Depts of ~Biological Chemistry, and § Biology, University of Michigan, Ann Arbor, Michigan, USA 48109-1048,
Although Drosophila has served as a versatile experimental
organism for developmental neurobiology little is known about the
action of neuropeptides due to the lack of structure data,
antisera specific to individual neuropeptides, and bioassays.
We have isolated TDVDHVFLRFamide, Drosophila myosuppressin or
dromyosuppressin (DMS), generated sequence-specific antisera to
DMS, and established in vivo and in vitro assays to study the
cardioinhibitory action of DMS.
Myosuppressin peptides, isolated from several organisms,
have a high degree of structure identity. Only the N-terminal
amino acid residue differs between EDVDHVFLRFamide or leuco-
myosuppressin, LMS, isolated from cockroach and PDVDHVFLRFamide
or SchistoFLRFamide, isolated from locust.
Antisera raised to TDVDHV were used to determine the
expression pattern of DMS at all stages of development. DMS
immunoreactive material is present in neural and gastrointestinal
tissue. Immunoreactive projections from neurons in the superior
protocerebrum impinge on the anterior of the dorsal vessel.

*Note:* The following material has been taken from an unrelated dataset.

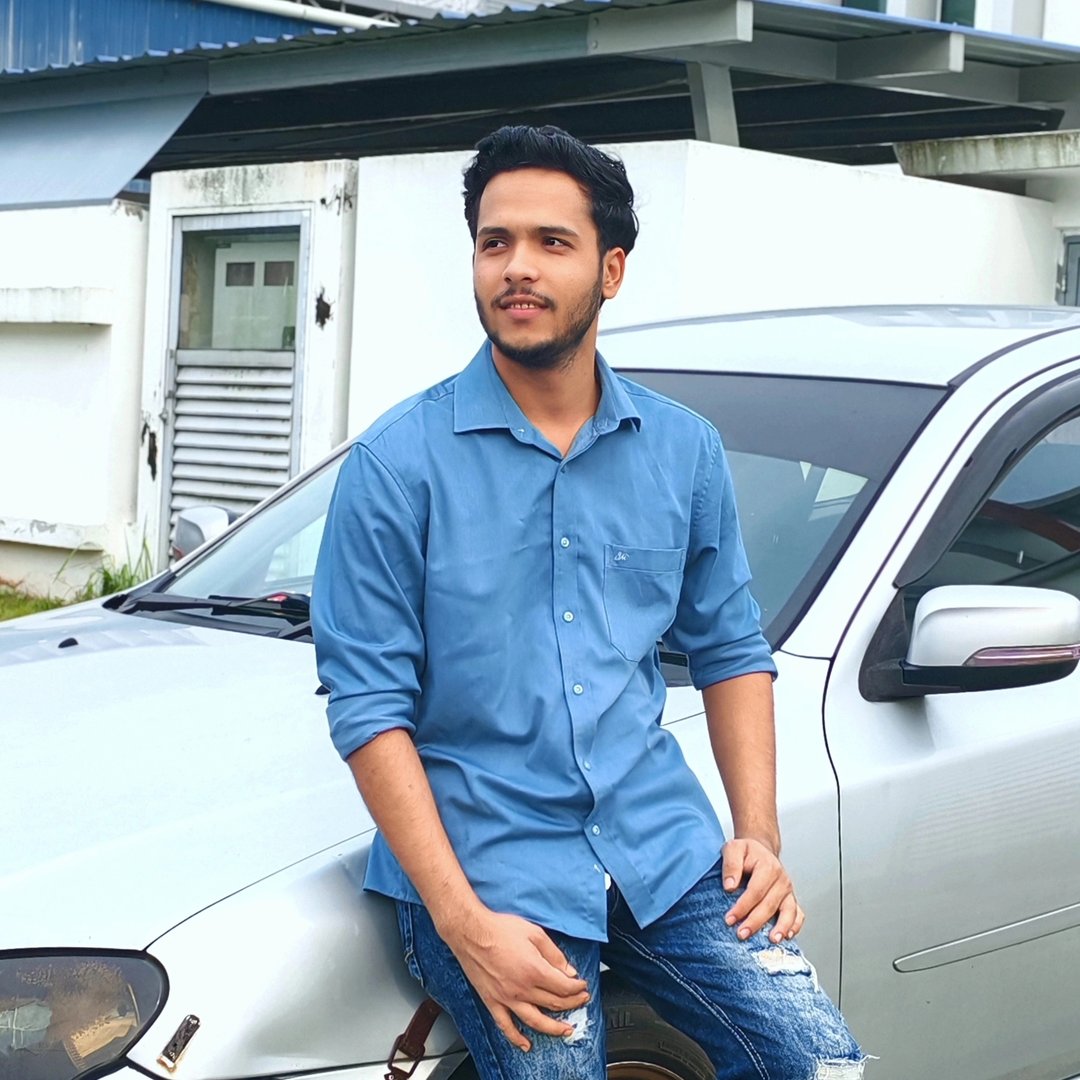 গরমের আরাম আইসক্রিম ছোট বড় সাবার সাথে শৈশবে মেতেছেন আব্দুর রহিম ভুইয়া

We have determined that serotonin increases Drosophila heart
rate. A mixture of serotonin and DMS has an additive effect
suggesting that the two substances act through different
mechanisms. The action of DMS is suppressed in potassium channels
mutants and in the presence of potassium channel blockers,
supporting the conclusion that the regulation of heart rate
involves potassium channels. Supported by NSF and AHA/MI.